AN OPPORTUNITY TO CHANGE FINANCIAL ADVISERS
Last year, Christine’s husband Robert bumped into Nick Lloyd of ITL FP at a business event. Not long after that, they went for a no-obligation chat with Nick and his fellow financial planner Shereen Churchill.
“They were so down to earth, we liked them straight away,” Christine says. “They are a small business; they felt grounded. They were real people, not people in suits.”
BREAKING UP WITH YOUR FINANCIAL PLANNER IS NOT HARD TO DO
Once Robert and Christine made the decision to change financial planners, the transition process got underway.
Many couples baulk at the prospect of a series of complicated steps, imagining an enormous hassle of having to change accounts, unmake existing arrangements, then make new ones, and perhaps have to learn to use a new website or wealth-management platform. But Robert and Christine’s experience was the complete opposite.
“Honest to goodness, it couldn’t have been easier,” Christine said. “It was like handing the baton over and letting them run with it.
“Nick and Shereen were so attentive. They literally took away all the pain we anticipated from it. They gave us clear instructions as to what we had to do. It was pretty straightforward to fill out forms and share confidential information.

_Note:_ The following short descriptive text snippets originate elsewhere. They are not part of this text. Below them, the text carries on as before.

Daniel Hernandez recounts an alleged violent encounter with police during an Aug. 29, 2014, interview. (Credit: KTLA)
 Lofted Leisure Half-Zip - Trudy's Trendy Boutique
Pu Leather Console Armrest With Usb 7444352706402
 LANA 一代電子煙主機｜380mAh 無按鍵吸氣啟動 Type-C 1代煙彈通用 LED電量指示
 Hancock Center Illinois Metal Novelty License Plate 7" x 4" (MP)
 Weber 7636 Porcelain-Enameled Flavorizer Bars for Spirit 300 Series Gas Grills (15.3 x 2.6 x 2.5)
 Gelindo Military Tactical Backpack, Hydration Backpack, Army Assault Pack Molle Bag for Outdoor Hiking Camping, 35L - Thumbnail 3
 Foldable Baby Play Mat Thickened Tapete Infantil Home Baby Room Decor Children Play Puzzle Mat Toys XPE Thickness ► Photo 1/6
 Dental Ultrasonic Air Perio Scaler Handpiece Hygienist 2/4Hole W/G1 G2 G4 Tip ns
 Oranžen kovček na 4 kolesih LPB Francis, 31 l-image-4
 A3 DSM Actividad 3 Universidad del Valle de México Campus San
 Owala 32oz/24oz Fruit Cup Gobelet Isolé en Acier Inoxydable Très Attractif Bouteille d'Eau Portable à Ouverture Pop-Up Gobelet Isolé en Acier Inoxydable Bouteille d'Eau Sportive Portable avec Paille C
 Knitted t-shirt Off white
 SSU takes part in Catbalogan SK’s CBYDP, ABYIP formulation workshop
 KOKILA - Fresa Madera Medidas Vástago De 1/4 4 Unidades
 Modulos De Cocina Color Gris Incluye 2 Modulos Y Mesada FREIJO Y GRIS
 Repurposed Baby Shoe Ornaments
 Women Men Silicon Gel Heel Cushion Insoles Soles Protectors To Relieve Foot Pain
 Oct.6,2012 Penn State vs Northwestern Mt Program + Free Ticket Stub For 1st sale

“After a few weeks we went back into the office. Nick and Shereen put aside two hours and went through what their recommendations were, their strategic plan for us, and recommendations for the future and where they thought we should invest.
“And the fees halved overnight.”
The 2014 Future of Financial Advice (FOFA) legislation requires advice providers to renew their clients’ agreement to ongoing fees every two years. But sticking to the letter of the law is the bare minimum of client communication. Making client communication a priority – whether it’s about fees or portfolio or changing life circumstances – reflects the culture of the business.
“Nick and Shereen are communicating with us all the time,” Christine said. “For example when the budget came out, by the end of the day we had an email from them with recommendations as to what we needed to do,” Christine said.
“We’re not the easiest clients because our portfolios are complicated and we often act spontaneously. Nick and Shereen are so responsive and can handle our last-minute requests for advice. The other crowd was taking up to two weeks to get back to us.”
NORTHERN BEACHES LOCATION HANDY BUT NOT CRITICAL
ITL FP’s Belrose location suits Christine and Robert, who live on the Northern Beaches, but it wasn’t a factor in their decision to become a client of the firm.
“We needed to find someone we trusted because it’s our livelihood they’re looking after,” Christine said. “We were looking for the relationship. It didn’t matter about location.”
SAILING TOWARD THE HORIZON
Now in their fifties, Christine and Robert enjoy sailing with their two teenage children when they’re not working on their business interests.
While it’s still many years before they’ll think about retiring, Christine dreams about travelling when she has time to spare.
“The top of my bucket list is go to Tuscany and just ignore the world for a month and paint and cook.”